Queere Frauen: tot aber glücklich?

In der Gamingbranche scheinen weibliche Figuren mit einem gleich­geschlecht­lichen Begehren nach einem Prinzip konzipiert zu sein, dass de Lauretis mit „sexueller Indifferenz“ bezeichnet. 11 Diese Projektion des männlichen Begehrens auf das weibliche, gleichgeschlechtliche Begehren zeigt sich deutlich in der Darstellung der weiblichen queeren Charaktere. Diese bleiben auf einen heterosexuellen, männlichen Blick ausgerichtet und verkörpern ein heteronormatives Schönheitsideal der Frau. Gleichzeitig sind verhältnismäßig mehr weibliche Figuren sowohl für männliche als auch weibliche Figuren sexuell zugänglich, während sich das Begehren männ­licher Figuren tendenziell häufiger nur auf ein bestimmtes Geschlecht bezieht. Hana Tsu Vachel und Rain Quin aus Fear Effect 2. Retro Helix 12 zeigen dies sehr deutlich. Sie werden im Spiel in einer lesbischen Beziehung gezeigt. Beide stellen ihre weiblichen Attribute während des Spiels für einen heterosexuellen, männlichen Betrachter zur Schau. Von Herstellerseite aus wird ausdrücklich formuliert, dass es sich bei den beiden Figuren keinesfalls um rein lesbische Figuren handelt, sondern beide für das männliche Begehren definitiv zur Verfügung stehen. „Once and for all, let me set the record straight. ‚HANA IS NOT A LESBIAN!‘ She likes men... and she likes women. Who she chooses to go to bed with at the end of the day IS NOT A BIG DEAL! We are living in the 21st century, this kind of thing happens all the time!

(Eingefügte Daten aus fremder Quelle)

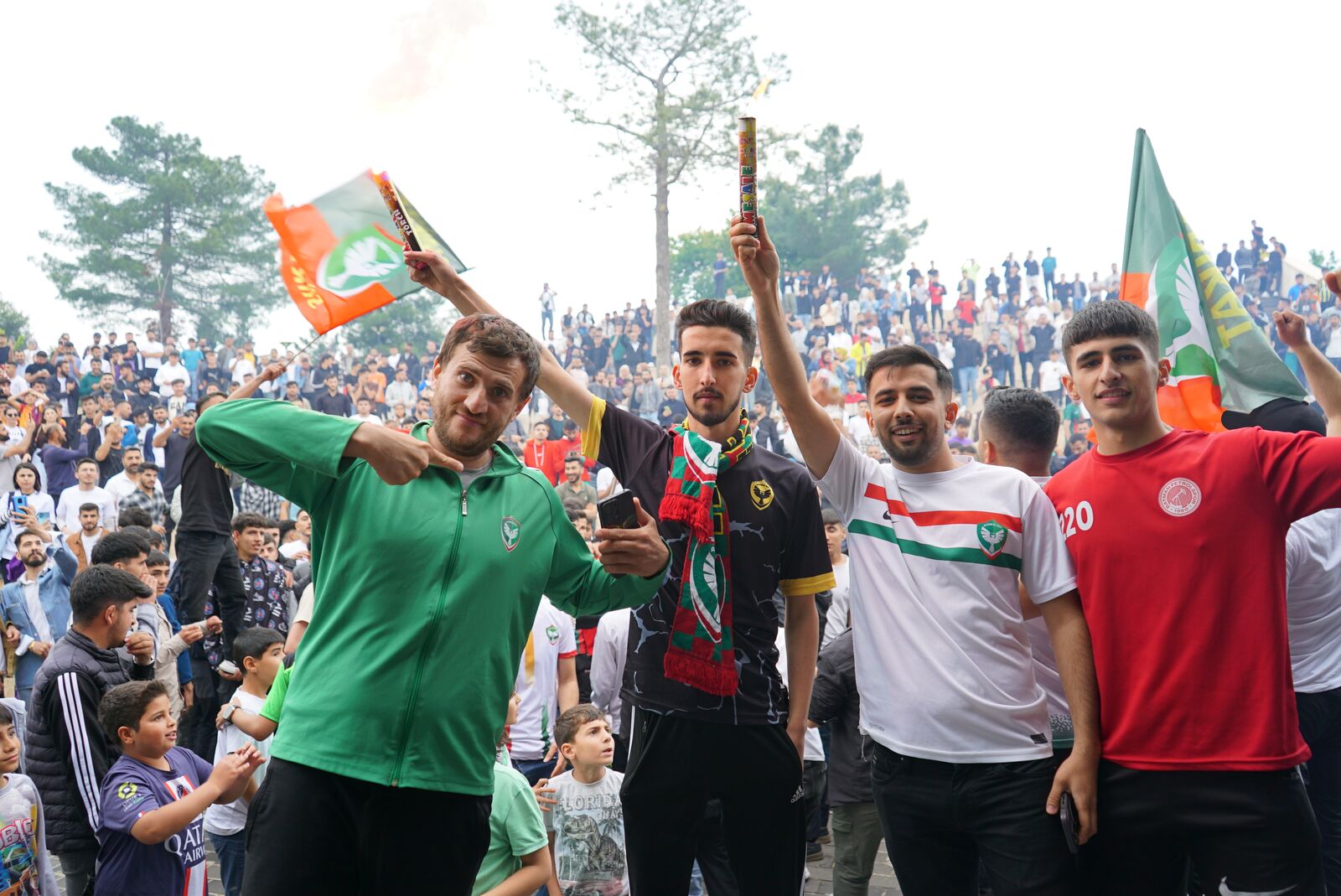 Bölgeden Binlerce Kişi Amedspor Maçına Gitti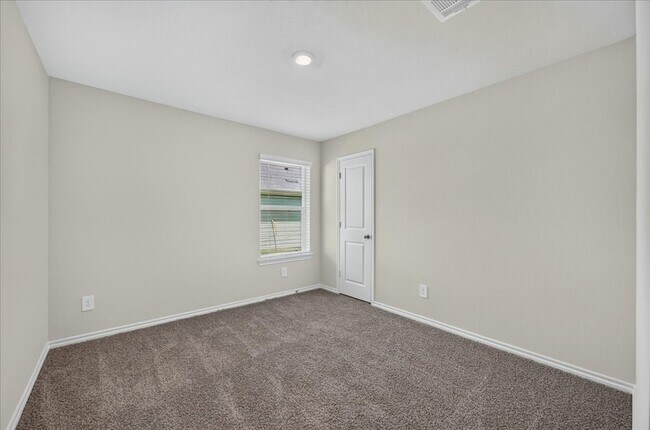 Building Photo - 728 Orchid Wy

Get over it people!! The only reason I wanted Hana to have a female companion this time around is because it gives me the ability to create an extremely interesting love triangle further down the road.“ 13

Lesbische Charaktere sind zwar insgesamt wesentlich seltener als schwule Charaktere, dennoch war der früheste Charakter, der in Europa und den USA veröffentlicht wurde, die lesbische Gegnerfigur Viviane Pentreath aus dem Textadventure Moonmist 14. Im Gegensatz zu den als männlich ausgewiesenen, homosexuellen Figuren werden lesbischen Figuren wesentlich häufiger in Beziehungen dargestellt (lesbische Beziehungen 52%, schwule Beziehungen 36%). Ein weiterer Unterschied zwischen weiblichen und männlichen Figuren besteht darin, dass weibliche Figuren fast nie reine Gegnerfiguren sind. Ihr Antriebsmotiv ist häufig Liebe, so entspringt ihr Antagonismus beispielsweise aus der Eifersucht nach einer gescheiterten Beziehung mit dem Spielercharakter. Ihr Antagonismus scheint weniger in Aggressivität zu bestehen als darin den Spieler nicht von selbst aktiv zu unterstützen. Diese Figuren müssen vielmehr überzeugt als bekämpft werden und stehen oder standen dem Spieler trotzdem als Sexualpartner zur Verfügung.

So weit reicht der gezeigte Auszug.